¿Cómo comes?
Fuente: IMSS
Regularme se come por hambre, y deberíamos comer a la hora que tenemos hambre, para tener las cantidades de nutrientes que requiere el cuerpo. Sin embargo, el ritmo frenético de la vida no lo permite y se come cuando se puede y como se puede.
En Los kilos de la amargura, Dra. Irene Szczedrin, comenta el caso de dos pacientes. Clara: "Comienzo a trabajar a las 8 de la mañana y no puedo parar hasta las 4 de la tarde. Cuando llego a mi casa a las 5 podría devorar a mi madre". El caso de Marta es muy diferente: "La hora del desayuno es a las 10 de la mañana, y la comida a las 2 de la tarde. A esa hora todavía no tengo hambre, pero como no puedo cenar hasta las 10 de la noche, o como a las 12 o el hambre me mata..."
Muchas veces no existe la opción de elegir la hora de comer, mucho menos escoger los alimentos. Las personas deben adaptarse a las exigencias de su entorno. Comer cuando no se tienen hambre y no comer cuando tienen. Las exigencias laborales y sociales obligan a cumplir ciertos horarios, sin embargo hay más.
Las relaciones sociales siempre se ven acompañadas de alimentos, cuando una persona desea ver a otra regularmente el punto de encuentro es un cafetería o un restaurante, de igual manera cuando se va a realizar algún negocio se acompaña de una comida que hace el momento más agradable y placentero. En principio, esto no es perjudicial, siempre y cuando no afecte la salud.
Desde pequeños, hombres y mujeres se ven sometidos a ritos, costumbres y horarios. Esto, en sí mismo, no sólo no está mal, sino que es beneficioso. La anarquía lleva al desorden, y sería contraproducente para el trabajo que cada quien se levantara de la mesa y se fuera a comer a la hora que le pareciera oportuna. Sujetarse a un horario ayuda al organismo a establecer ciertas horas de funcionamiento.
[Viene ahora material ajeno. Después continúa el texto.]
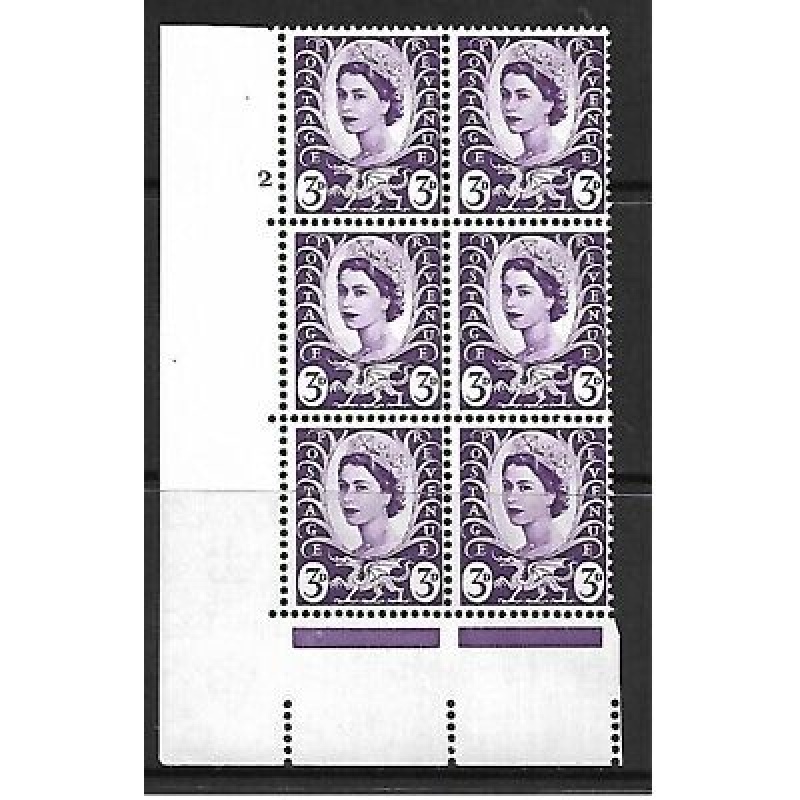 Sg XW1 3d Wales Cream Cyl 2 No Dot perf A(E I) UNMOUNTED MINT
Otras razones para comer se vinculan con situaciones emocionales. Existen personas cuya motivación a la hora de comer se genera por una frustración. Algunas veces hombres y mujeres no se percatan de ello.
Patricia, otra paciente de la Dra. Szczedrin, era considerada por sus amistades como una persona pacífica, amable y considerada. Entre sus amigos era el caso típico de una gordita feliz que además, para no provocar una pelea, cedía en pequeñas cosas que incluso ella consideraba no tan importantes para pelear. Sin embargo, esta actitud le disgustaba: ella consentía en ceder, pero internamente se sentía frustrada por no conseguir lo que deseaba.
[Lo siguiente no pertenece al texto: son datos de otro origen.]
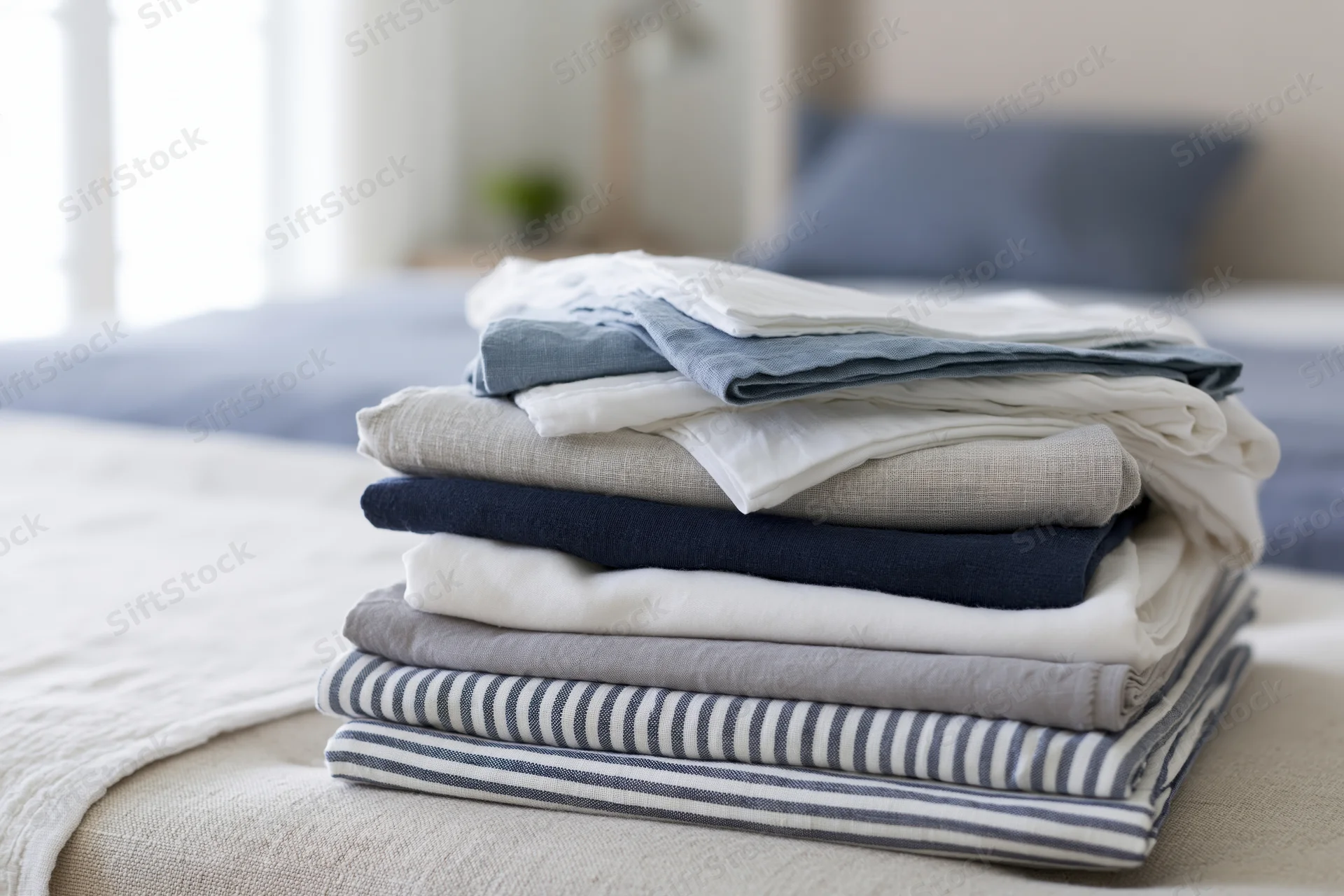 Stack of folded bed linens and sheets on a bed in a bedroom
Obviamente, no está mal ceder para no pelear, si se trata realmente de una actitud honesta que no nos genera luchas internas; pero ésa no era la realidad de Patricia.
Esto no quiere decir que cada vez que se come hay una frustración de por medio ni que todos reaccionen igual al entorno; pero el conocimiento y el apoyo de un profesional ayudan a entender un poco mejor las situaciones.
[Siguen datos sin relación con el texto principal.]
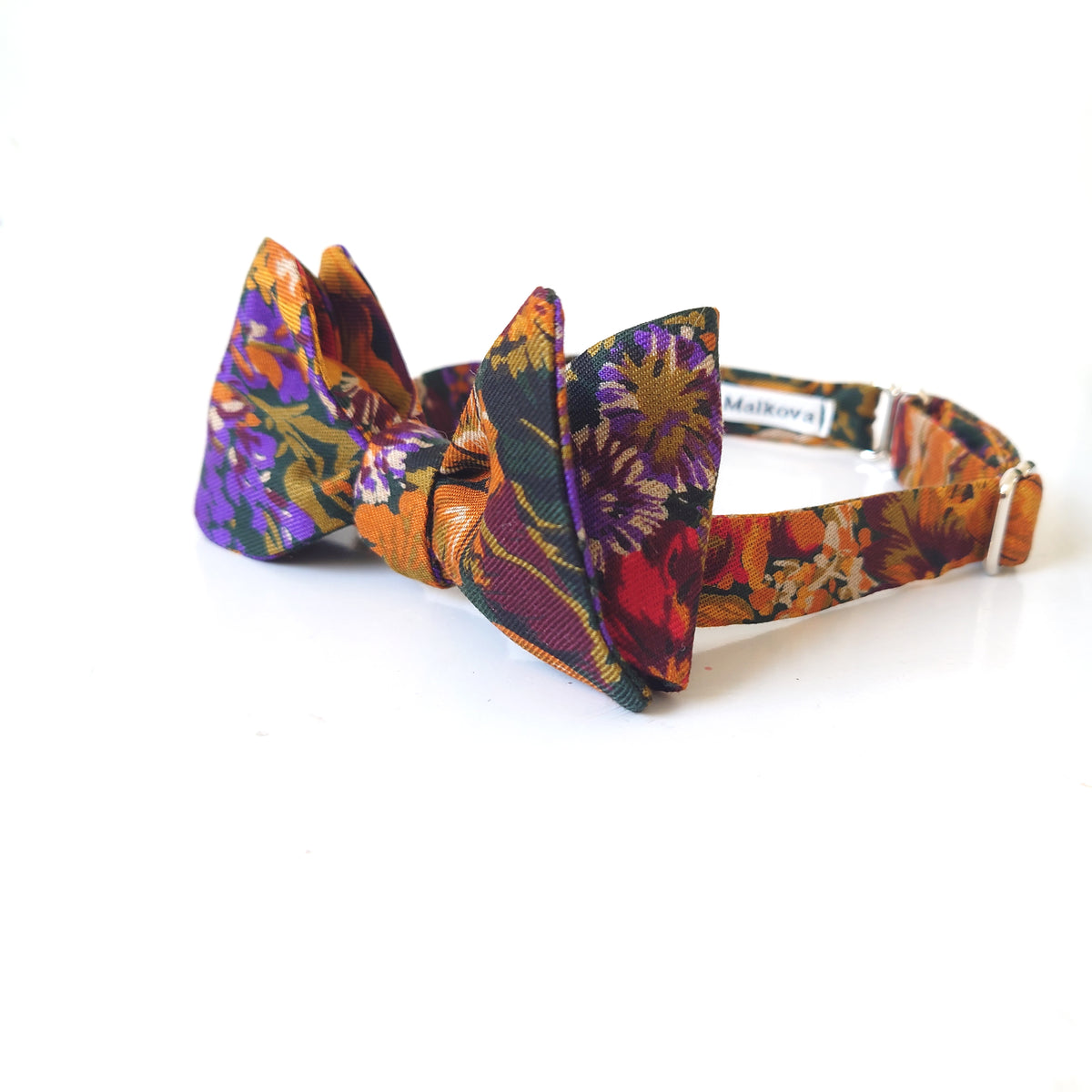 Autumn floral wool bow tie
Es necesario mejorar los hábitos no solo de manera individual, sino de manera familiar y así, hasta convertirse en un hábito de la colectividad. Es posible que México construya un ambiente saludable, pero abriendo mecanismos que permitan que la sociedad en conjunto invierta las cifras. Los mecanismos son incrementar la actividad física, comer de manera saludable, buscar información que ayude a mejorar la salud, y hacer participar a la familia en este nuevo plan.